■ DIRECTIONS FOR THIS TASK
Return the data below unchanged, without images.

■ PROVIDED ENTRIES
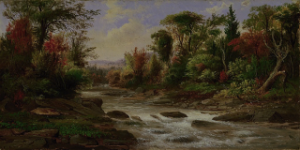 320px-EN-Placeable-Painting (Landscape) 4.png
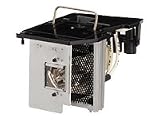 Toshiba TLP LW3A - projector lamp ( TLP-LW3A )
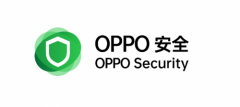 防止APP窃取用户隐私问题，OPPO安全在行动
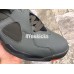 AIR JORDAN 8 RETRO TAKE FLIGHT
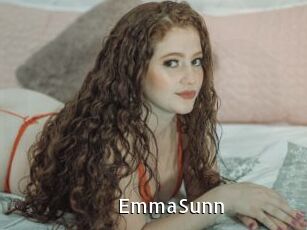 EmmaSunn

■ OUTPUT
 320px-EN-Placeable-Painting (Landscape) 4.png
 Toshiba TLP LW3A - projector lamp ( TLP-LW3A )
 防止APP窃取用户隐私问题，OPPO安全在行动
 AIR JORDAN 8 RETRO TAKE FLIGHT
 EmmaSunn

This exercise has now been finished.